PARIS, Sotheby’s, galerie Charpentier, 12 février.

On a retrouvé la main de Géricault
Une fois de plus, Drouot est le théâtre d’une découverte insolite : une main en bronze de Géricault. Retrouvé par l’expert Marie-Claire Cotinaud dans une collection privée, ce souvenir émouvant surgit du néant. On ignorait son existence, on savait seulement que la main de l’artiste avait été moulée deux heures avant sa mort en 1824. On imagine la scène : le peintre entouré de ses amis tend sa dextre, il a encore la force d’écrire dans le plâtre chaud « A tous ceux que j’aime, adieu », puis il expire. Une étiquette donne le nom du mouleur, un certain Bouché.
Ce plâtre avait disparu. Il a refait surface en 1924 lors d’une exposition Géricault. Mais d’épreuve en bronze, point, or la voilà aux enchères. Comment la dater ? Très simplement : le nom du fondeur Quesnel est inscrit dans le bronze.
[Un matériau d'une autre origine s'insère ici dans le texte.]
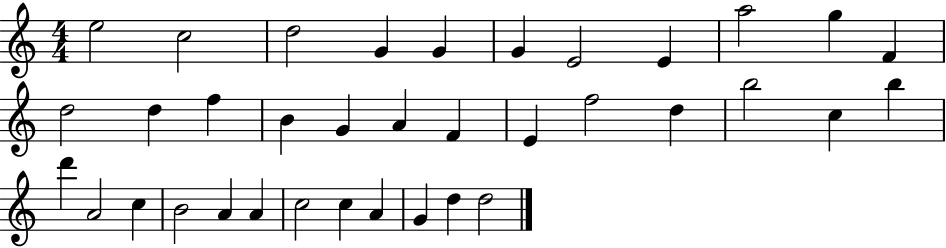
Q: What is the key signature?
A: C major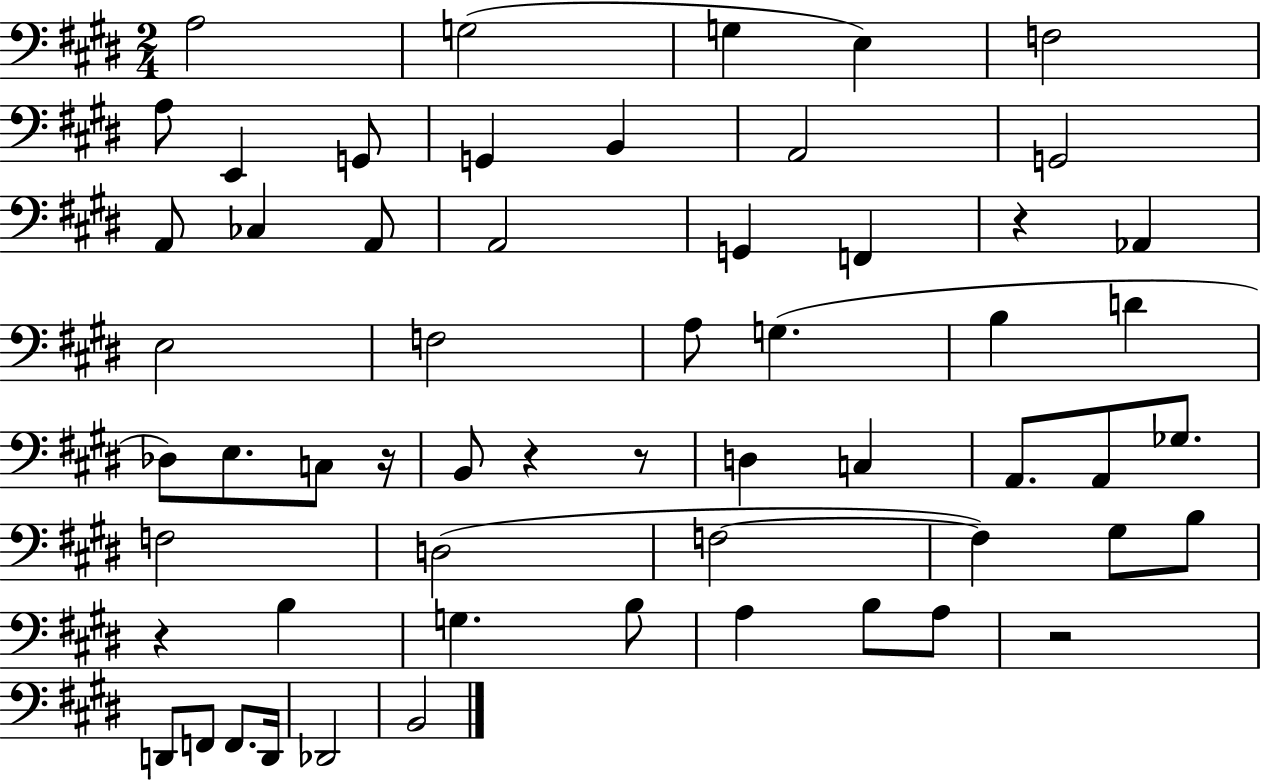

Ce n’est donc pas une édition tardive. Quel prix donner à la main de Géricault ? Difficile à dire en l’absence de tout point de comparaison, 23 à 30 000 euros. peut-être. Une chose est sûre, les musées s’agitent et les collectionneurs aussi. Les appels en provenance des Etats-Unis et d’Allemagne sont, dit-on, nombreux.

- Paris, Etude Pescheteau-Badin, Godeau, Leroy, 6-7 février.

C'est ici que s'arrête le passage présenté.